I've made no secret of my belief that the Baby Boomers built their success on the backs of their children. I've ranted in other threads about how they created massive jobs programs building large scale infrastructure projects using borrowed money. In doing so, they churned up the frothiest and longest-sustained runup in the stock market in its history. And they did it under far more relaxed environmental regulations.
That's a nice little speech Kombat, except that your facts are all screwed up. I don't know enough of Canadian history to use that as an example, so I'll confine my comments to US history.
As seen in the graph of US debt to GDP in another thread, Federal debt exploded during World War II to over 120 percent of GDP, and then began a decline that bottomed out at 32 percent of GDP in 1974. Federal debt almost doubled in the 1980s, reaching 60 percent of GDP in 1990 and peaking at 66 percent of GDP in 1996, before declining to 56 percent in 2001. Federal debt started increasing again in the 2000s, reaching 70 percent of GDP in 2008. Then it exploded in the aftermath of the Crash of 2008, reaching 102 percent of GDP in 2011.
Federal debt has breached 100 percent of GDP twice since 1900: during World War II and in the aftermath of the Crash of 2008.
So with the exception of the Reagan/Bush 1, Bush 2 and Obama years, Federal debt had been declining since WW2. Looks a lot like the Boomers were responsible for a sizable amount of debt reduction.
And what did we get for that? Oh, just stuff like the Interstate Highway System, the Internet, the end of polio, the space program (which paved the way for other stuff like satellite communications), small stuff like that. The list goes on and on. So basically the life you lead is built on the backs of what Boomers labored for. Not to mention that these things, aside from making modern life possible, created huge amounts of wealth and prosperity.
As for the stock market, there have always been booms and busts, from the tulip craze in Holland, the Great Depression, the crashes in the early 70s and the problems we have today. Seriously, you think this boom and bust cycle is new and unique to Boomers?
Now, Generation X and successive generations are left to clean up the mess. Many of those infrastructure projects are aging and crumbling, and need to be replaced. But they haven't even been paid for yet. So we (the Boomers' children) must not only pay for the old, crumbling system, but we must somehow pay for the replacement, too. And we must do it without creating too much CO2. And we must save for our own retirement, in the boundaries of a decade of stagnant financial markets and collapsing home values.
So build your own infrastructure and let the old stuff crumble. OR DO WITHOUT IT. Again, you use stuff another generation built, and now you resent having to pay for it's maintenance. Okaaay....
As for the environmental stuff, we know a lot more than we did then. Again, why pick on the Boomers? If you buy into the idea that global warming is caused by man, I think you need to go back to at least the start of the Industrial Revolution. Or maybe even the advent of slash and burn agriculture. The point is, things are what they are today. What do we do about it, besides whine?

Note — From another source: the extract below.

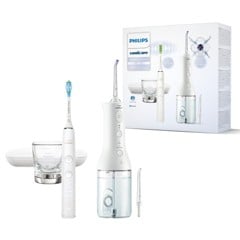 Philips - Hvid Ledningsfri Power Flosser DiamondClean 9000 (HX3886/41)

As a Gen-X'er, I resent having to pay for both the new system, and the old system, while watching my parents "move the goal line" for retirement by doing things like raising the eligibility age for Social Security from 65 to 67. Being expected to pay far more for energy that doesn't fit someone's definition of being "green" enough just feels like rubbing salt in our wounds.
As I said above, try living without what the Boomers created. Join the Amish if you resent what they've done. My point is that you've profited handsomely in many ways from the Boomers' achievements. And yes, you're also suffering for it. Cry me a river.
Besides, plenty of Boomers are getting their just rewards. Some of them will never be able to retire. The years of living beyond their means has caught up with them. Their home values and portfolios have imploded. You have years left to recover and they don't. So what's your point?